DATA EXCERPT —
--------
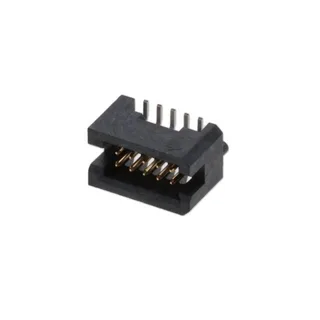 Samtec Inc. TFML-105-02-S-D-A-K-TR
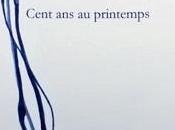 Quelques Poèmes Cécile Guivarch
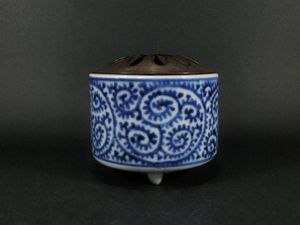 古伊万里 蛸唐草 徳利のYahoo!オークション(旧ヤフオク!)の相場・価格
--------
Where the line containing "Quelques Poèmes Cécile Guivarch" appears above, start there and set down each line exactly through the last line of the data; leave out every picture.

RESPONSE TO THIS EXERCISE —
 Quelques Poèmes Cécile Guivarch
 古伊万里 蛸唐草 徳利のYahoo!オークション(旧ヤフオク!)の相場・価格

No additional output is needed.